C’est ce que documente l’Unapei, un réseau associatif de 330 structures, à travers sa nouvelle campagne « #JaiPasEcole, mais tout peut changer », qui dénonce le défaut d’inclusion scolaire pour les élèves porteurs de handicap. Une campagne appuyée sur une enquête menée auprès de 38 associations de son réseau national, suivant près de 5 000 enfants.

Le système scolaire ne se met pas à l’échelle des besoins

Le chiffre le plus parlant est celui des enfants qui ne sont toujours pas accompagnés : les 38 associations interrogées recensent 4 808 enfants encore sur liste d’attente, soit davantage que les 4 588 enfants qu’elles accompagnent déjà aujourd’hui. Il faut dire que le délai moyen d’attente avant l’accès à une solution adaptée atteint près de trois ans !

Mais pour les enfants déjà pris en charge, la situation n’est pas non plus réjouissante : 76% d’entre eux bénéficient de moins de douze heures de scolarisation par semaine, contre seulement 24% au-delà de ce seuil. Et la trajectoire d’ensemble stagne : deux tiers des associations constatent une situation inchangée entre 2025 et 2026, 19% seulement observent une amélioration, tandis que 14% pointent une dégradation.

« Il ne suffit pas d’être inscrit à l’école pour que le droit à l’éducation soit respecté », résume Luc Gateau, président de l’Unapei, qui insiste sur la nécessité de sortir d’une logique de modèle unique pour construire une réponse individualisée à chaque enfant.

Le vrai enjeu : faire coopérer deux systèmes qui s’ignorent

Le blocage tient le plus souvent à l’absence de coordination structurelle entre l’Éducation nationale et le secteur médico-social.
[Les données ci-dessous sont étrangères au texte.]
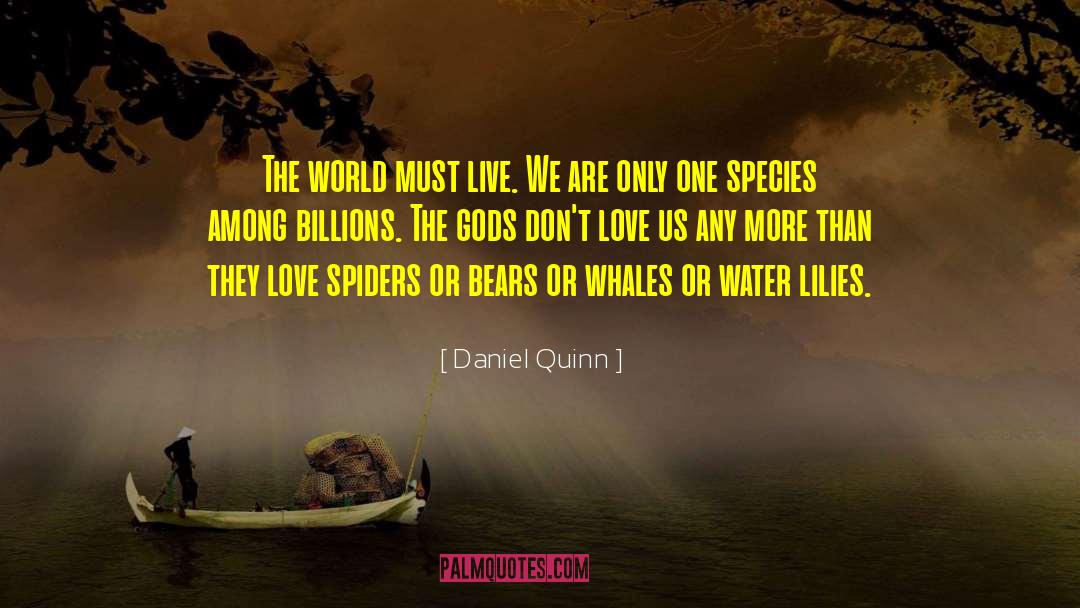 Humpback Whales quotes by Daniel Quinn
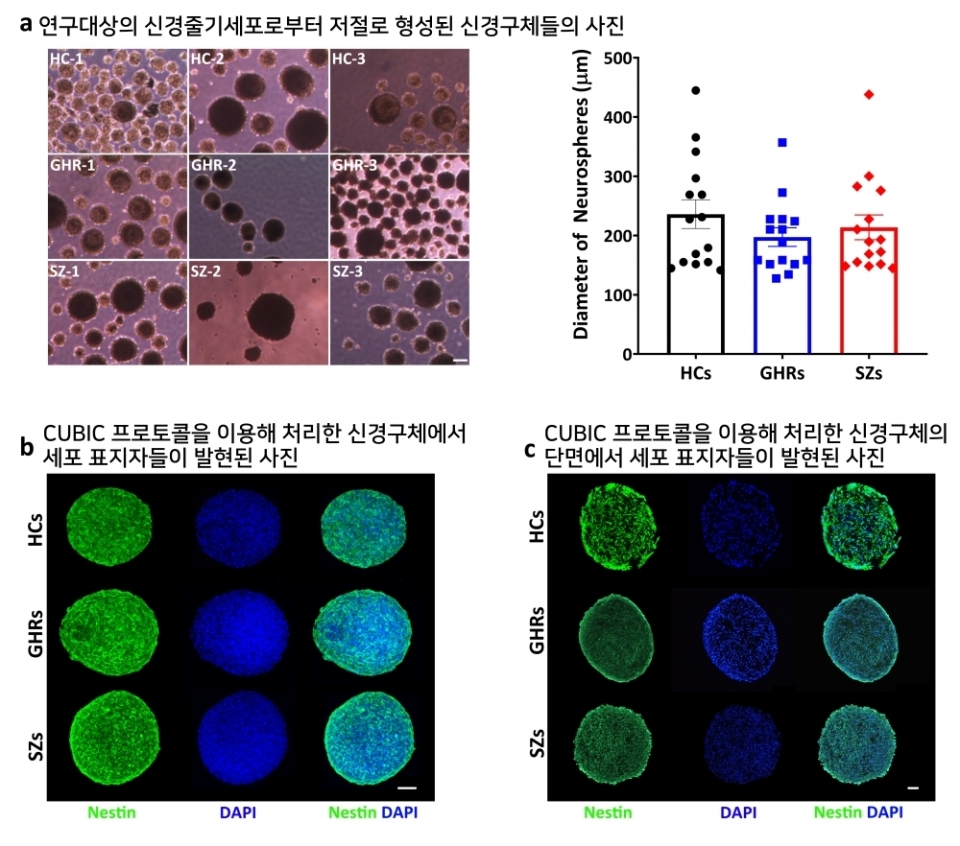 [그림3] 최신 줄기세포 기술을 활용해 만든 신경줄기세포를 비교 분석한 결과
L’Unapei le formule sans détour : le médico-social ne peut, à lui seul, résorber les listes d’attente ni garantir une réponse adaptée à chaque enfant. Ce sont deux administrations, deux financements, deux cultures professionnelles qui doivent apprendre à travailler ensemble, pour qu’un parcours de scolarisation ne s’arrête pas à la porte d’un établissement qui ne peut pas accueillir l’enfant dans de bonnes conditions. 

Comme c’est le cas par exemple pour Gecyna, 11 ans, qui après six années d’attente d’une place en IME devra, elle aussi, rester à la maison cette rentrée.

Un indicateur montre pourtant que le changement d’échelle est possible quand la mobilisation existe : la part des enfants accompagnés ne disposant pas de numéro INE — condition de leur identification par l’Éducation nationale et donc de la sécurisation de leur parcours — est passée de 65% à 45% en un an. La preuve qu’une coopération mieux organisée produit des résultats mesurables, même si elle reste aujourd’hui trop ponctuelle pour changer la donne globale.

Ce que demande l’Unapei aux pouvoirs publics

L’association structure ses revendications autour de cinq priorités : 

  • des interventions précoces dès la petite enfance, pour préserver les capacités d’apprentissage et d’autonomie avant que les difficultés ne s’installent ; 
  • une école réellement accessible, qui ne se limite pas à l’ouverture des portes mais engage bâtiments, transports, pédagogie et coopération entre professionnels ; 
  • un soutien médico-social reconnu comme un appui indispensable et non comme une solution de dernier recours ; 
  • des parcours sans rupture jusqu’à l’âge adulte, alors qu’aujourd’hui chaque changement d’âge ou de dispositif remet en cause l’accompagnement acquis ; 
  • et des coopérations organisées entre tous les acteurs, de la petite enfance jusqu’à 25 ans, pour que la continuité du parcours ne dépende plus de la seule énergie des familles.

Sortir de l’expérimentation permanente

Ce que pointe en creux cette enquête, c’est moins un manque de dispositifs qu’un défaut de généralisation : les solutions qui fonctionnent — comme la sécurisation du numéro INE — restent cantonnées à des progrès partiels quand elles devraient devenir la norme. 

Pour l’Unapei, la question n’est pas de savoir si des réponses adaptées existent, mais de décider si l’on donne aux structures et aux territoires les moyens de sortir du cadre expérimental pour construire, enfin, un parcours éducatif qui ne dépende pas du hasard d’un lieu de naissance ou d’une place disponible.